下請労働者が土塊に胸を押しつぶされ死亡 土止め設けず作業させ送検 中津労基署
2018.05.24
【送検記事】
地山の崩壊により下請労働者が胸を押しつぶされ死亡した労働災害で、大分・中津労働基準監督署は建設業者と同社の工務部長を労働安全衛生法第21条(事業者の講ずべき措置等)違反の疑いで大分地検に書類送検した。崩壊防止のための土止め支保工を設けず労働者に作業をさせていた。
労働災害は平成29年11月7日に、大分県中津市内の下水道工事現場で発生。同社は元請として現場に入場していた。現場では下水管を新たに設置するため、幅1.1メートル、深さ4メートル、長さ2.2メートルの掘削を行った。

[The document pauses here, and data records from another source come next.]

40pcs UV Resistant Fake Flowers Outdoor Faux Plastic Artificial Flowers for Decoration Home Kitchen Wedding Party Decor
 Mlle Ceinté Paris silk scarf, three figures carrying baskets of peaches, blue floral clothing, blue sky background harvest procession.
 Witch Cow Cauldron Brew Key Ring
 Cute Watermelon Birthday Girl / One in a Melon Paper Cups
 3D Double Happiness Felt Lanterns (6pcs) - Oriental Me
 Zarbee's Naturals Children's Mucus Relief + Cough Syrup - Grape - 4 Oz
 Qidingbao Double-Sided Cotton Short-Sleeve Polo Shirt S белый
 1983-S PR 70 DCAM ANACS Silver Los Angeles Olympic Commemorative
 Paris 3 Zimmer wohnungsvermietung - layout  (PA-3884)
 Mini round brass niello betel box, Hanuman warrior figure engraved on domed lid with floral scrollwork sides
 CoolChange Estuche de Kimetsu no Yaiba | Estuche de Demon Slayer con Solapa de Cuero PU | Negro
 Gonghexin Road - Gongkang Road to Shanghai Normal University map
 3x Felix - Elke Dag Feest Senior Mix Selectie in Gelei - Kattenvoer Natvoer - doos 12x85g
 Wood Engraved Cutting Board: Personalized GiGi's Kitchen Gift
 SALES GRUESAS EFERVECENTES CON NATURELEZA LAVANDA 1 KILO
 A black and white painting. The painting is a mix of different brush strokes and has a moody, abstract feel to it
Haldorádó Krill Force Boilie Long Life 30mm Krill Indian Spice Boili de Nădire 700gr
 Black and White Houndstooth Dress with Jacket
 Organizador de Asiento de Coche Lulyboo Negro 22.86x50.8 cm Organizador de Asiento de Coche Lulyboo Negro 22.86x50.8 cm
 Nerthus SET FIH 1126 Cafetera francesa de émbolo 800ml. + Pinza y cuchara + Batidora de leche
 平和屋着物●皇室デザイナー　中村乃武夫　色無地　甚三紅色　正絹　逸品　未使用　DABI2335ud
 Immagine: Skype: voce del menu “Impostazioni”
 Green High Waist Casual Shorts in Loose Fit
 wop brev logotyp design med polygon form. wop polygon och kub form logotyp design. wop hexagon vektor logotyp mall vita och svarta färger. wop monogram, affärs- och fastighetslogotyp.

同社の労働者と一次下請けの労働者が構内で下水管の接続作業をしていたところ、地山が崩壊し、一次下請の労働者は土塊に胸を押しつぶされ死亡、同社の労働者も軽傷を負った。
同社は現場に土止めを持ち込んでいたが、その長さは3メートルだった。土止めを設置するためには、3メートル以上の長さの掘削をする必要があるが、下水管の長さが2メートルだったことから、効率を優先し2.2メートルの長さしか掘らなかった。調べに対し、同社の工務部長は「作業の遅れがあった。地山も自立しているようにもみえた」と供述しているという。
同労基署は「サイズの合うものを持ち込むか、土止めが入るよう3メートル以上の長さを掘るべきだった」と話している。